About this exercise: Please give back, word for word, only the lines starting at the one containing "Zusammenklappbares Barbie-Puppenhaus mit" and ending at the one containing "Magnetic Silver Buckle" within the material below.

====

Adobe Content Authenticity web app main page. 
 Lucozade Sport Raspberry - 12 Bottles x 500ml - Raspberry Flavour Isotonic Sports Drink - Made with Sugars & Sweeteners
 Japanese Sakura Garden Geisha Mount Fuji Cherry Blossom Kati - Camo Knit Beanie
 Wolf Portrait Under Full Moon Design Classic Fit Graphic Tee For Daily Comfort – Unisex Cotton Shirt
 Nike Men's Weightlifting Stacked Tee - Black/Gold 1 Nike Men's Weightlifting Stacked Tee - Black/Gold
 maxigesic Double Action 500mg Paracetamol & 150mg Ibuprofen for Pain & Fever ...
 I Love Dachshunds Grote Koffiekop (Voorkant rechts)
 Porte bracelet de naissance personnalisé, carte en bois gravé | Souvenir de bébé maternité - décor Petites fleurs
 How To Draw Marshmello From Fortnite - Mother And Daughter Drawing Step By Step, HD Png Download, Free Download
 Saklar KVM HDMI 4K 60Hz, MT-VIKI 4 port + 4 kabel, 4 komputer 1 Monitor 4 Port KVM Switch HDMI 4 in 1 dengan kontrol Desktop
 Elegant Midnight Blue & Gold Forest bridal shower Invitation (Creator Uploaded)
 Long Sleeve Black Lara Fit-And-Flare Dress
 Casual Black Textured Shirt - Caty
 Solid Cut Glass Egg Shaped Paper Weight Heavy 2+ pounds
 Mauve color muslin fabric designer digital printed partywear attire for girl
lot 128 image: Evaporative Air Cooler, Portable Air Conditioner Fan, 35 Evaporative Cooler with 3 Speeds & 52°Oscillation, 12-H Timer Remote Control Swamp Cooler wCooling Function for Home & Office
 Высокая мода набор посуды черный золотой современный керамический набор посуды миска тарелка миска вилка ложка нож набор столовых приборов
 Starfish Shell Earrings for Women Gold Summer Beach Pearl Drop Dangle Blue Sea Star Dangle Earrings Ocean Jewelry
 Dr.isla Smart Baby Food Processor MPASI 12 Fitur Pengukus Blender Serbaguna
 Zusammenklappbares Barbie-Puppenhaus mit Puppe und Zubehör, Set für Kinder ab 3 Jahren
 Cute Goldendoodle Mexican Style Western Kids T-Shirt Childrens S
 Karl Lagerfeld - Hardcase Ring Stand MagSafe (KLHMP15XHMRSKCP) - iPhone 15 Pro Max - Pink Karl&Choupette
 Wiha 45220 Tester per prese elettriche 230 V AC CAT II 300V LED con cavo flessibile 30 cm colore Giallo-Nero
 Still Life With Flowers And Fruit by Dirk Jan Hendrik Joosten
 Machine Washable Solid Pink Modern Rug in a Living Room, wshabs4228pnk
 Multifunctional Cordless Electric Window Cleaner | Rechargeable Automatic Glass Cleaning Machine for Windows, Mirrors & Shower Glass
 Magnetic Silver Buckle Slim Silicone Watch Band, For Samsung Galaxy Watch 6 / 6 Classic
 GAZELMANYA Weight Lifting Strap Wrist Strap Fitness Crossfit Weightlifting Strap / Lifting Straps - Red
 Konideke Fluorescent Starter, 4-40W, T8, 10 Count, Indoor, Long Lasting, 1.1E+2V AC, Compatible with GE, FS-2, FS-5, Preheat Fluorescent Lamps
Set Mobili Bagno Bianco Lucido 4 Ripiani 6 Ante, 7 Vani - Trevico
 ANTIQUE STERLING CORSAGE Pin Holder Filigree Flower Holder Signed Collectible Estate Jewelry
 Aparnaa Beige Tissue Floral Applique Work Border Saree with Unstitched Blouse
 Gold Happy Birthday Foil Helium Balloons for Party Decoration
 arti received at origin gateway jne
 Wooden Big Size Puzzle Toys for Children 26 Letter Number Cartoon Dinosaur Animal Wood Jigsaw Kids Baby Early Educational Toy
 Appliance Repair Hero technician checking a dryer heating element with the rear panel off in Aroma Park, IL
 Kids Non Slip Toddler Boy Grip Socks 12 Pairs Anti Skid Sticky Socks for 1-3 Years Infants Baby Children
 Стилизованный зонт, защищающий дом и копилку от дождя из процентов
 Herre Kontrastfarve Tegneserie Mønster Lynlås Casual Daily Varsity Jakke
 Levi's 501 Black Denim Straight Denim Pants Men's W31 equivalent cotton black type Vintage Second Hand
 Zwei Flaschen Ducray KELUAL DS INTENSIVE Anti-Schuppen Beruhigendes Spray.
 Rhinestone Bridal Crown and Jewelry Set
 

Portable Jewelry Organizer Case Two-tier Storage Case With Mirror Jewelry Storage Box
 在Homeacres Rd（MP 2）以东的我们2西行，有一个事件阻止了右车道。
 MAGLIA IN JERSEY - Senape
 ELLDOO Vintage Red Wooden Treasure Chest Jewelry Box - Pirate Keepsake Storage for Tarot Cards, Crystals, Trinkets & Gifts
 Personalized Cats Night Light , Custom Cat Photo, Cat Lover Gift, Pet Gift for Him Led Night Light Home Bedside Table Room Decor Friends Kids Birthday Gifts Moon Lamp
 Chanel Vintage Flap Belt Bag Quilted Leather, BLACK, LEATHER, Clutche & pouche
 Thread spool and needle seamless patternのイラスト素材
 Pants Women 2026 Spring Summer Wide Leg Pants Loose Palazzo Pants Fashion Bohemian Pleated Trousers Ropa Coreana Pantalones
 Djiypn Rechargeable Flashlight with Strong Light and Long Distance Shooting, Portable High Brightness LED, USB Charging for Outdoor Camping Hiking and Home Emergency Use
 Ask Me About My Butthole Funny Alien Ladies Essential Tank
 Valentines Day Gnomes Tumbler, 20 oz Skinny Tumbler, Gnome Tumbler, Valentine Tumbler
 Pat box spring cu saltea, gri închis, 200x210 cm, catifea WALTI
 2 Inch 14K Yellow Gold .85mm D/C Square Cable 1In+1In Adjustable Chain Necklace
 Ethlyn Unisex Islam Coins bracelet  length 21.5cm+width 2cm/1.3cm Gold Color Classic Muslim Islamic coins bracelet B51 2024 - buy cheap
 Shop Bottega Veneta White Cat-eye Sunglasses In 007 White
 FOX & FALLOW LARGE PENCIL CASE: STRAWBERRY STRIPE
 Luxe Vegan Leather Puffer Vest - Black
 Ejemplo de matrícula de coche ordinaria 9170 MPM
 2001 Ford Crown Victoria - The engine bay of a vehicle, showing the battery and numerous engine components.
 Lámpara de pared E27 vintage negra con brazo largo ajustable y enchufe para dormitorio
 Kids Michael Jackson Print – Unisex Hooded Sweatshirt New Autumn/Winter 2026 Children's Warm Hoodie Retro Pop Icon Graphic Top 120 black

====

Task response:
 Zusammenklappbares Barbie-Puppenhaus mit Puppe und Zubehör, Set für Kinder ab 3 Jahren
 Cute Goldendoodle Mexican Style Western Kids T-Shirt Childrens S
 Karl Lagerfeld - Hardcase Ring Stand MagSafe (KLHMP15XHMRSKCP) - iPhone 15 Pro Max - Pink Karl&Choupette
 Wiha 45220 Tester per prese elettriche 230 V AC CAT II 300V LED con cavo flessibile 30 cm colore Giallo-Nero
 Still Life With Flowers And Fruit by Dirk Jan Hendrik Joosten
 Machine Washable Solid Pink Modern Rug in a Living Room, wshabs4228pnk
 Multifunctional Cordless Electric Window Cleaner | Rechargeable Automatic Glass Cleaning Machine for Windows, Mirrors & Shower Glass
 Magnetic Silver Buckle Slim Silicone Watch Band, For Samsung Galaxy Watch 6 / 6 Classic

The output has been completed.